Luck et al. [15] reported a much higher agreement between MCI and DSM-5 mild NCD, but assessed each neurocognitive domain with a single test. Our use of a range of tests and obtaining average performance across the domain is likely more sensitive to true impairment but more variable. In fact, in our sample, 17.4% of MCI cases failed to be captured by DSM-5, and there were differences in neuropsychological profile, such that cases meeting only DSM-5 mild criteria had poorer social cognition and memory, supporting previous findings [15], but better performance on planning and decision-making. This suggests the inclusion of a greater range of neurocognitive domains in DSM-5, and particularly the inclusion of social cognition as a criterion, may help capture impaired individuals not detected by MCI criteria. Follow-up studies are required to examine the progression and predictive value of these cases.

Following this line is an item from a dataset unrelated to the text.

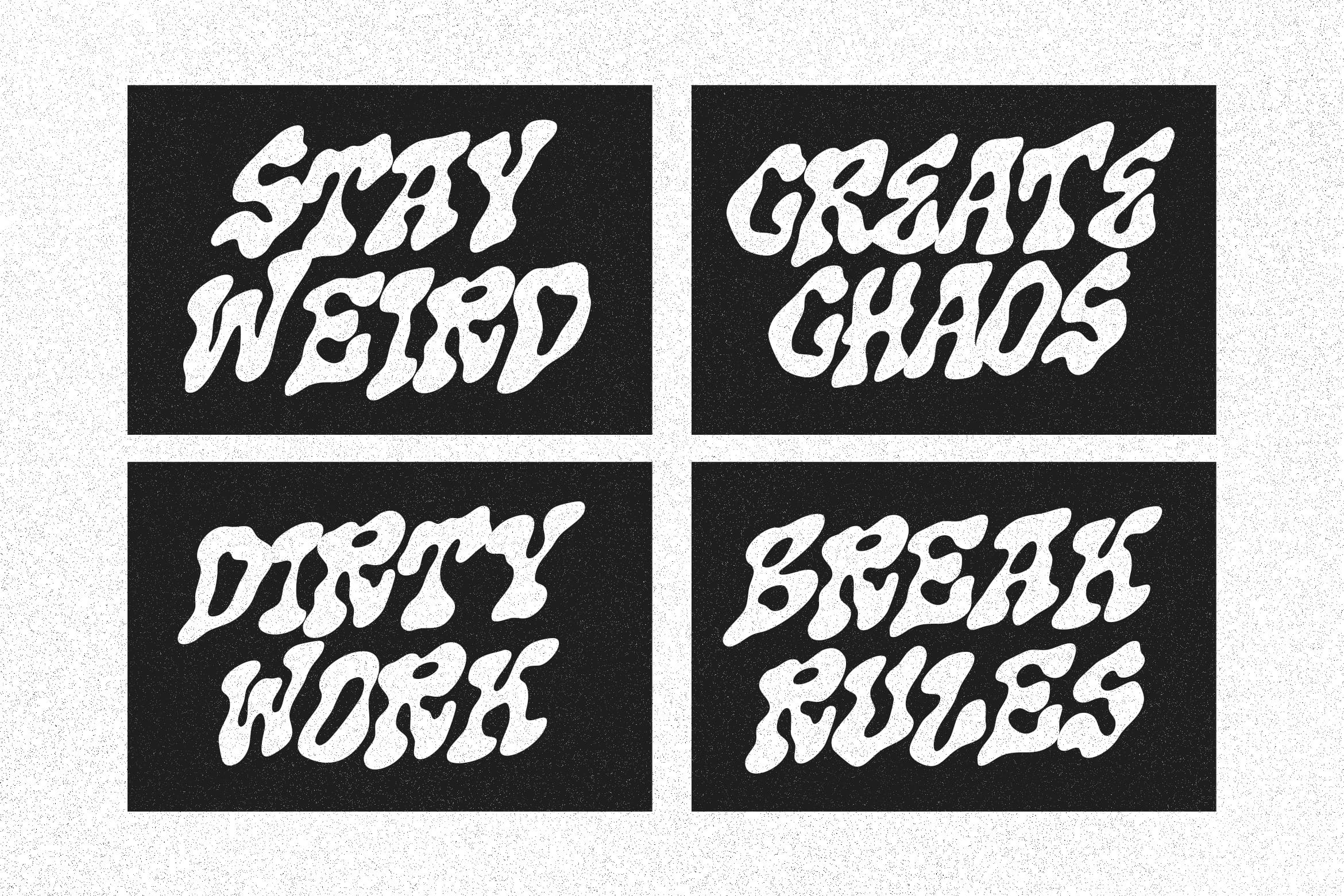 Wavy italic lettering in white on black backgrounds showing four different text phrases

Our study is limited by expert diagnosis based on case file review rather than clinical interview; however, this meant that our clinical diagnoses were based on the same data as those operationalized in the algorithm. Nevertheless, further work is required to validate these findings in independent data sets. Strengths include the large, population-based sample, detailed neurocognitive assessment, comparison of different cognitive cut-offs, and a systematic approach to collecting and analyzing evidence for impairment. The findings suggest that clinicians, trialists, and epidemiologists using the DSM-5 criteria should expect higher estimates of disease prevalence and incidence, and the ability to capture a broader range of etiologies and severities compared to DSM-IV and MCI. The findings also suggest that while MCI and mild NCD do overlap, MCI is not fully captured within the mild NCD construct. A similar pattern may be apparent for the forthcoming ICD-11 criteria if it adopts an approach analogous to DSM-5 [39].

Conclusions

In summary, an algorithm-based approach to DSM-5 diagnosis of NCD is feasible in cohort studies. This approach is more accurate at identifying major NCD than mild NCD. DSM-5 is more inclusive of the variety of clinical profiles of major NCD, resulting in higher rates of diagnosis but with good negative predictive power. The findings have implications for understanding the impact on rates of diagnosis when using the revised diagnoses.